Twenty years ago, this city taught me a huge lesson about loss, love, grief and recovery. Just a year after I moved here, Katrina took most of my belongings, many of my friends, and my way of life as I knew it. We trauma bonded, New Orleans and me. I loved the city before, but after I saw her in the dark night of grief, I loved her even more. There’s something about the joie de vivre in this place, its penchant for silliness, its abandonment to pleasure, that gives permission and even points to the wisdom of never allowing the worst of life to totally eclipse the best.

Darkness has a weakness, you know: it’s Light. In the depths of the earth, where there is utter darkness, the tiniest match light changes everything. There is no dark so dark that it can’t be broken by the smallest glimmer of light. Some of us, right now, are feeling the kind of pain that renders us immobile. There is a dark, heavy crushing of the heart when someone we love is snatched away. The crushed heart can’t move for a while. It can’t think. It can’t speak or make sense of anything. It cannot turn on the light for itself. When my own heart has experienced such a shattering, there were people… people in this very city… who turned on the light for me.
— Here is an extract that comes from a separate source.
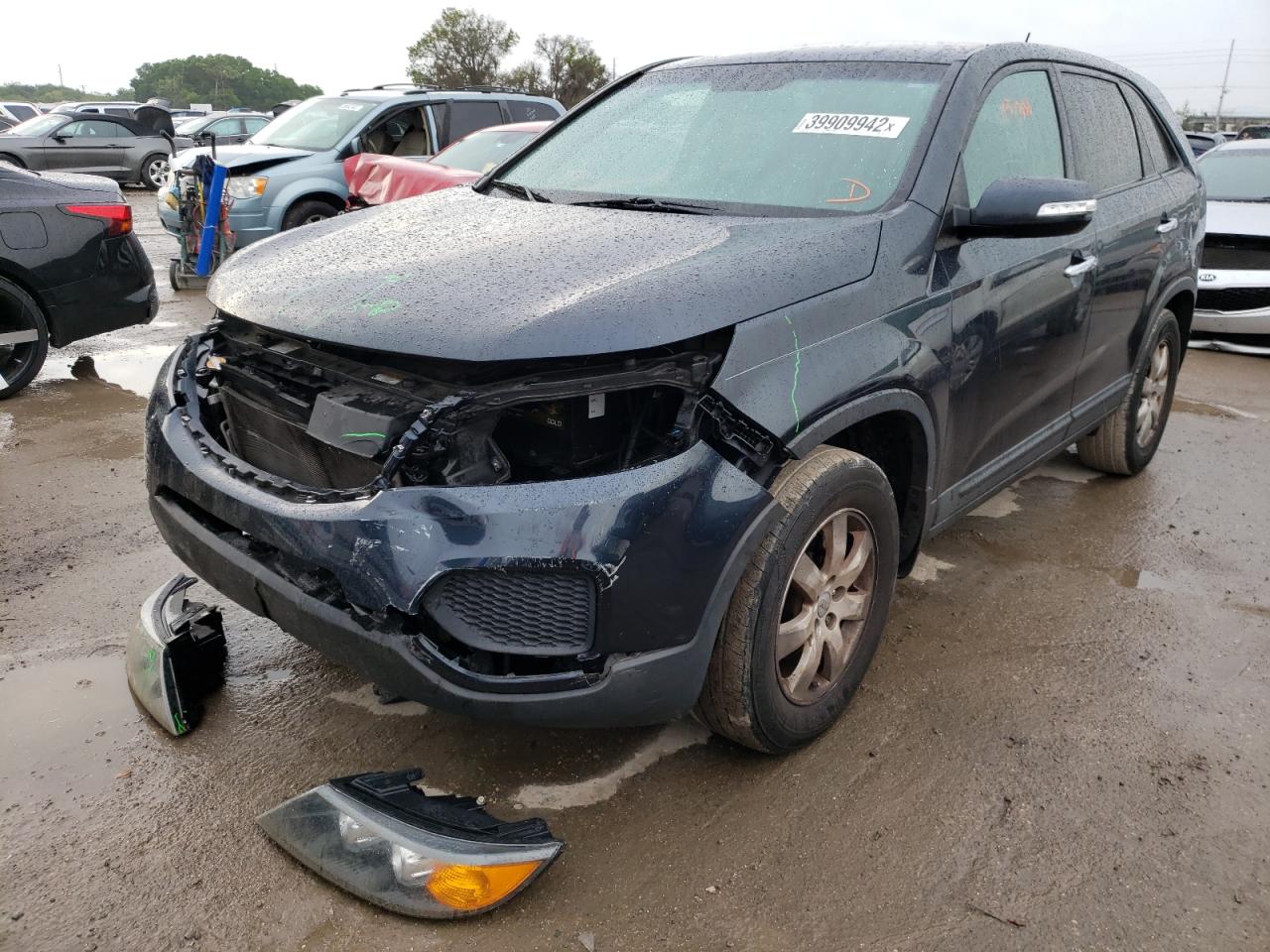 Photo 2 from auction – 2013 KIA SORENTO LX with VIN 5XYKT3A17DG339914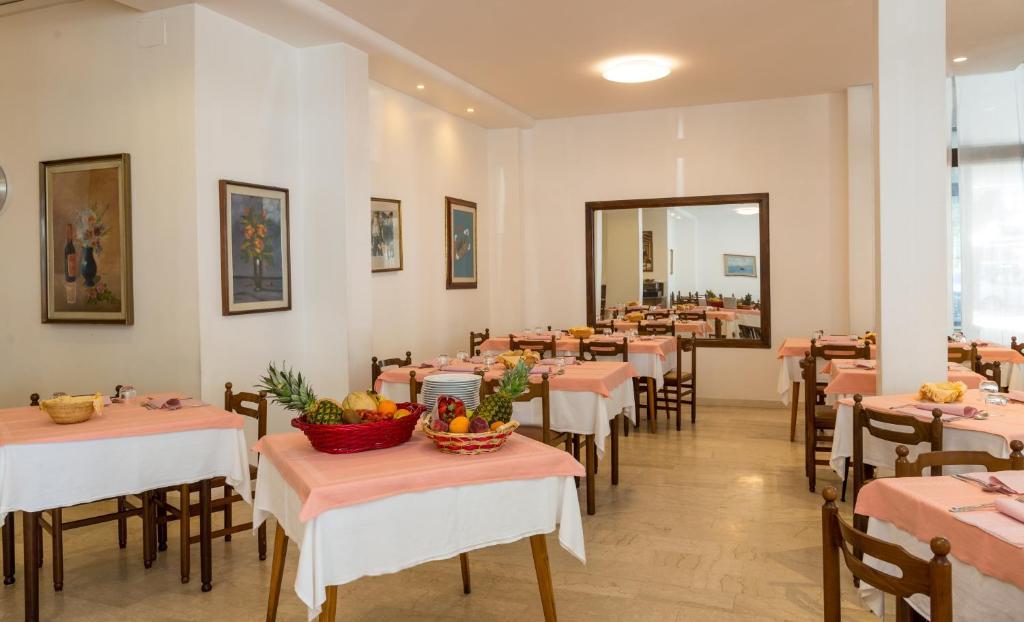 Hotel Brioni Mare Лидо ди Йезоло Екстериор снимка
How do we salvage a year that seems ruined before it began? How do we keep our hope alive? Those of us who can move, who can think, who have even the smallest ability, must let in the light. For some, that has meant chest compressions, running toward danger, and the actual neutralization of the evil threat. For some, it meant street cleaning, hand holding, song playing, or second line organizing. Others are feeding police and EMS workers, bringing flowers, paying tribute to those lost. Not everyone is at ground zero, but we can still let in the light. For us, that might mean refusing to let fear keep us away. It might mean the forgiving of a long held grudge. It might be as simple as letting someone go first in the post office line, or as risky as deciding to let ourselves love again.
Our beloved friends who cannot see through their grief right now will eventually see light again. They will honor their loves, they will take action, they will emerge from the paralysis of this loss forever changed, but able to move once again. The rest of us who’ve lost our sense of safety, our hope of a new beginning, we must realize that there is nothing stopping us from contributing our light to this dark situation. For those who cannot turn on the light for themselves right now, and for all of us, since none are spared from deep grief at some point in life, we must get good at shining the light. New Orleans is experiencing darkness right now, but she will never be defined by darkness because she is full of light. I see it every day and I am determined to let myself be one of her glittery accessories, contributing whatever light I can in this place.

Light. It’s a weapon undefeated, a force unstoppable, and every one of us has access to it. Sure, some days all we can muster is a spark, but a spark is all that’s needed, really. Letting in the light is how we will defeat the dark that has tried to steal the hope of a new year, the joy of a celebration, and the essence of a special city. I write this to remind myself, and hope to remind us all, that dark never had a chance of winning because there is light in each of us. This year must be far more than the moments of carnage on New Year’s morning, for the city of New Orleans, and for each of us personally. Every chance you get, every time you can, keep letting in the light.